Una obertura cuya orquestación sorprende al estar hecha por un C. M. v. Weber de quince año; un concierto de Liszt que, contra todo pronóstico, pasó un poco sin pena ni gloria; y una espléndida y luminosa versión de la sinfonía Grande de Schubert, protagonizaron el concierto del ciclo de la sinfónica navarra. En la obertura, de agradable escucha, hay que destacar el protagonismo, bien resuelto, del oboe. En el concierto número 2 para piano y orquesta de Liszt, se contó con solista F.F. Guy, que, según reza el programa de mano, es un especialista en el romanticismo. No ponemos objeción a su planteamiento sonoro, a su arrebato en las escalas sobre el teclado; pero, la impresión general que dio, fue la del que pasa por la obra sin explicar las cosas con cierto detenimiento. No se trata del tempo, que, sin duda, estará dentro de los cánones, sino de clarificarlo todo un poco más; precisamente porque esta partitura, no es un concierto para piano y orquesta al uso -o sea, diálogo entre el solista y la orquesta con el intercambio de los temas-, sino que, al estar configurado como un poema sinfónico, el solista, imbuido en esa vorágine tan de Liszt y su virtuosismo, debe defender el teclado. Por lo demás, todo discurrió en su sonoridad un tanto apabullante, con muy buenas intervenciones de la trompa y el violonchelo. Pero, la verdad es que, casi, no dio tiempo a dilucidar una versión propia del pianista, algo más concreto que las, por supuesto, altas cualidades y correcta versión. Aplausos corteses. No hubo propina.

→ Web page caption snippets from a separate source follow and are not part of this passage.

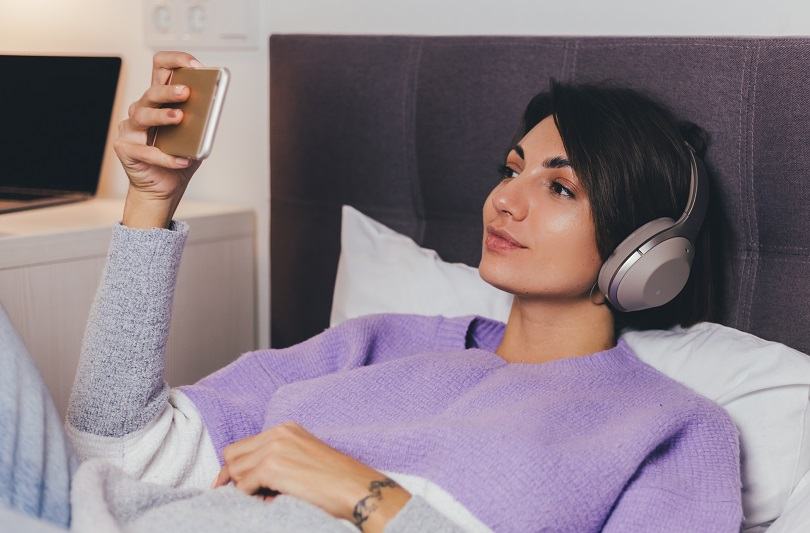 ASMR pentru somn: beneficii, tipuri si cum functioneaza relaxarea prin sunete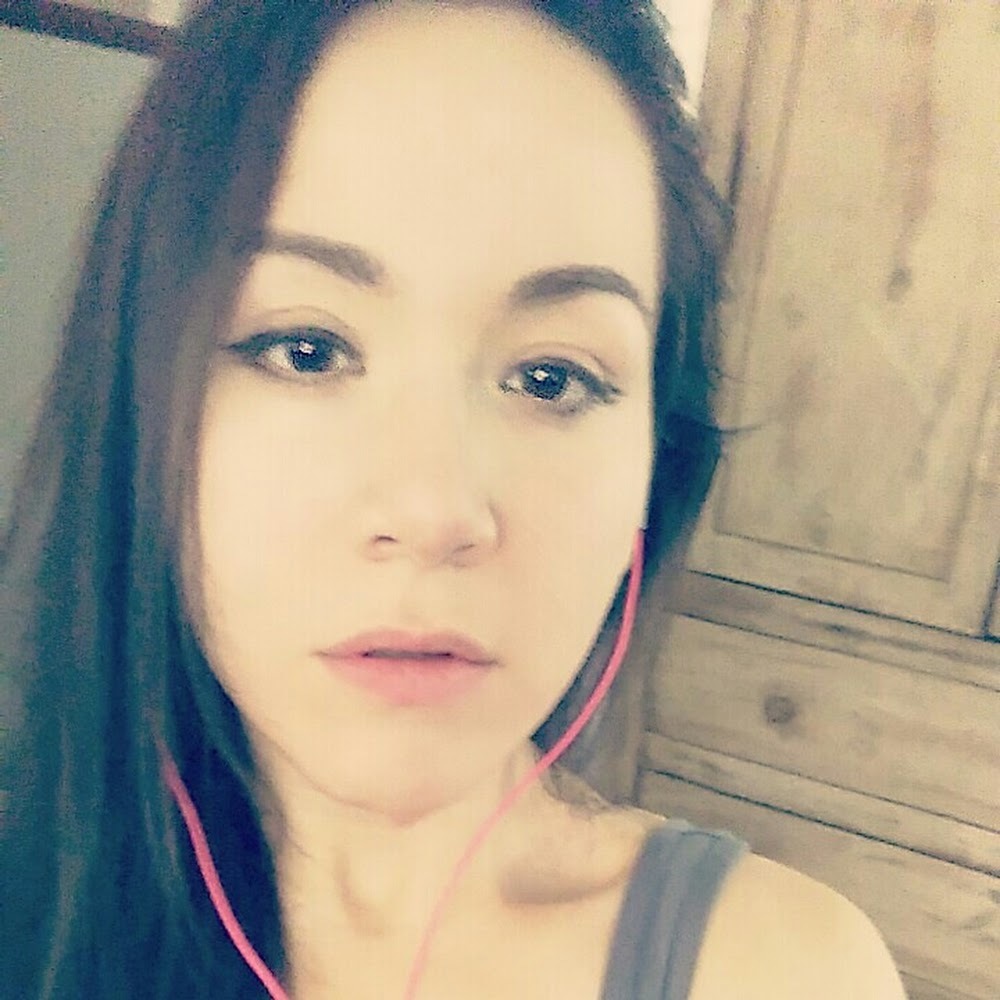 Meet your Posher, Alexandra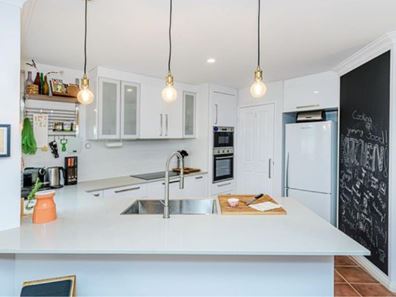 2/11 Camden Street, Dianella WA 6059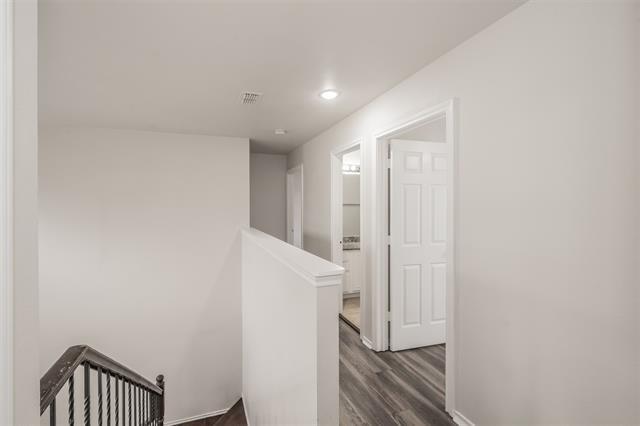 Building Photo - 1411 Prentice St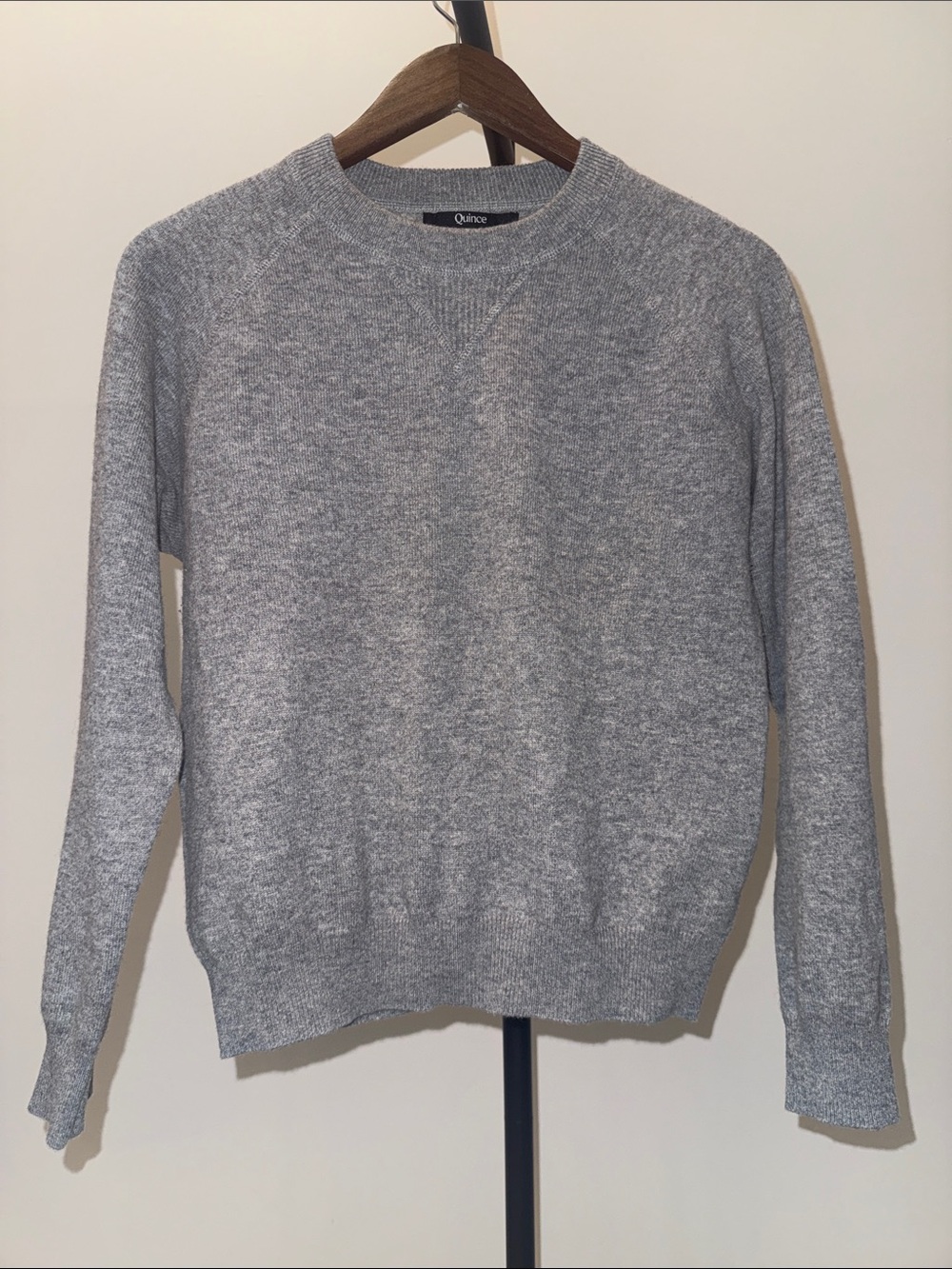 Quince 100% Cashmere Crewneck Sweater in Heather Gray | Size M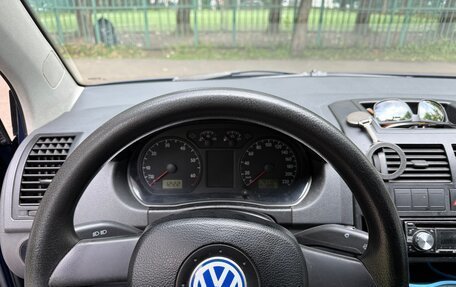Volkswagen Polo IV рестайлинг, 2002 год, 380 000 рублей, 13 фотография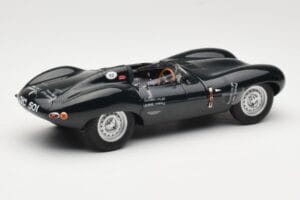 Jaguar D-Type Short Nose Verde AUTOart 1:18 73561 Metal - imagen 2 de 6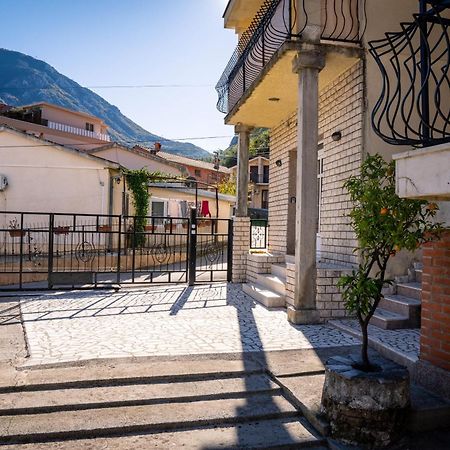 Apartmán Bugi Kotor Exteriér fotografie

La novena de Shubert forma parte de esas cuatro novenas que sustentan el sinfonísmo romántico (Beethoven, Bruckner, Mahler, las otras tres), y que, incluso, van más allá. Las cuatro son conclusivas de sus autores. Las cuatro parecen agotar todos los recursos hasta la extenuación. Wit -casi forzando a la orquesta en algunos momentos de adornos secundarios- hace una versión vigorosa, agitada, pero con detalles fundamentales de claridad y lectura controlada, para que nos deslumbre -es que esta sinfonía tiene una luz especial-, pero no nos ciegue. Y no solamente en los contrastes de los fuertes y las calmas de la cuerda, sino con esas retenciones en las caídas -tan de dominio magistral- (en el tercer movimiento), por ejemplo, cuando la cuerda parece querer desbocarse y nos espera para que asimilemos su poderoso arranque y su nutrida sonoridad. El ámbito de la versión que nos ofrecen los intérpretes, es el de la nobleza, que surge poderosa y clara en las trompas. El de los compases en fortísimo, dejándose el metal redondear por el sonido de la cuerda; el de los contrastes: fuertes a los que se llega con naturalidad, y que, súbitamente, dan paso a cortes y descanso en los matices en “piano”, conservando la robustez de discurso. Las maderas, la cuerda, el metal, todo esta impregnado de una suntuosidad muy bien empastada cuando, partiendo de cada familia, se llega al “tutti”. No sé qué versión haría Mendelssohn, cuando estrenó esta sinfonía; pero, seguro que -conociendo luego su música-, estaba en la misma estela de luz.